HAI-Online.com – Jauh sebelum pandemi Covid-19 melanda dunia, sebagian masyarakat Jepang udah ngelakuinsocial distancing dan nggak bepergian ke luar rumah lewat hikikomori, sebuahkebiasaan yang merujuk pada orang-orang yang mengurung diri di rumah dan menghindari kontak sosial.
Hayashi Kyoko, salah satu warga Jepang yang pernah melakukan hikikomori menceritakan, di mulai mengunci dirinya dari masyarakat ketika kepala sekolahnya membicarakan tentang ujian masuk universitas, di hari pertama ia masuk sekolah.
“Kehidupan menyenangkan SMA yang saya nanti-nantikan berubah menjadi persiapan ujian masuk kuliah,” ujar perempuan asli Jepang ini.
“Itu memberikan kejutan besar. Saya merasa nggak cocok dalam sistem pendidikan yang ketat. Perasaan ini akhirnya mempengaruhi fisik. Saya berhenti pergi ke sekolah,” cerita Kyoko.
Saat beranjak dewasa, Kyoko mulai bekerja paruh waktu.
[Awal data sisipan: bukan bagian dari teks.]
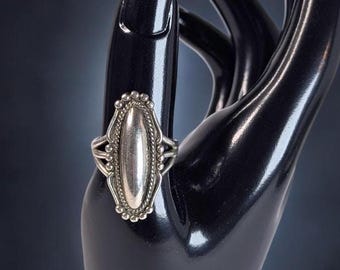 Vintage Southwestern Sterling Silver Statement Ring – Size 7.75 US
Ia menghadapi tekanan dari ibunya. Kyoko mengatakan, dia sudah "mencapai batas" dan nggak mampu keluar dari rumah dan bertemu orang-orang.
Kyoko nggak sendiri. Ia menjadi salah satu dari setengah juta warga Jepang yang mengidap hikikomori.
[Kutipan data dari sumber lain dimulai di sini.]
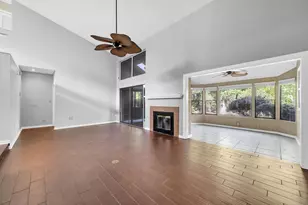 129 Gleneagles Dr, Niceville, FL 32578 - Photo 8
Titik terendah Kyoko adalah saat ia berada di usia 20an. “Saya menghabiskan waktu untuk mengkritik diri sendiri. Yang saya lakukan sepanjang hari hanyalah makan, buang air, dan bernapas. Saya seperti mayat hidup. Saya nggak bisa menemukan sedikit pun hal yang berharga dalam diri. Saya merasa hidup saya nggak berarti,” paparnya.
“Saya memiliki kemarahan yang mengerikan di dalam diri dan nggak tahu ke mana mengarahkannya. Akhirnya, saya selalu merasa kelelahan,” tambah Kyoko.
"Penyakit kelas menengah"
Pemerintah Jepang telah menegaskan bahwa hikikomori merujuk pada orang-orang yang nggak mau meninggalkan rumahnya atau berinteraksi dengan orang lain senggaknya selama enam bulan.
Namun, hikikomori hadir dalam berbagai bentuk. Kondisi seseorang bisa sangat parah sehingga dia nggak memiliki energi untuk bangkit dari kursi menuju toilet.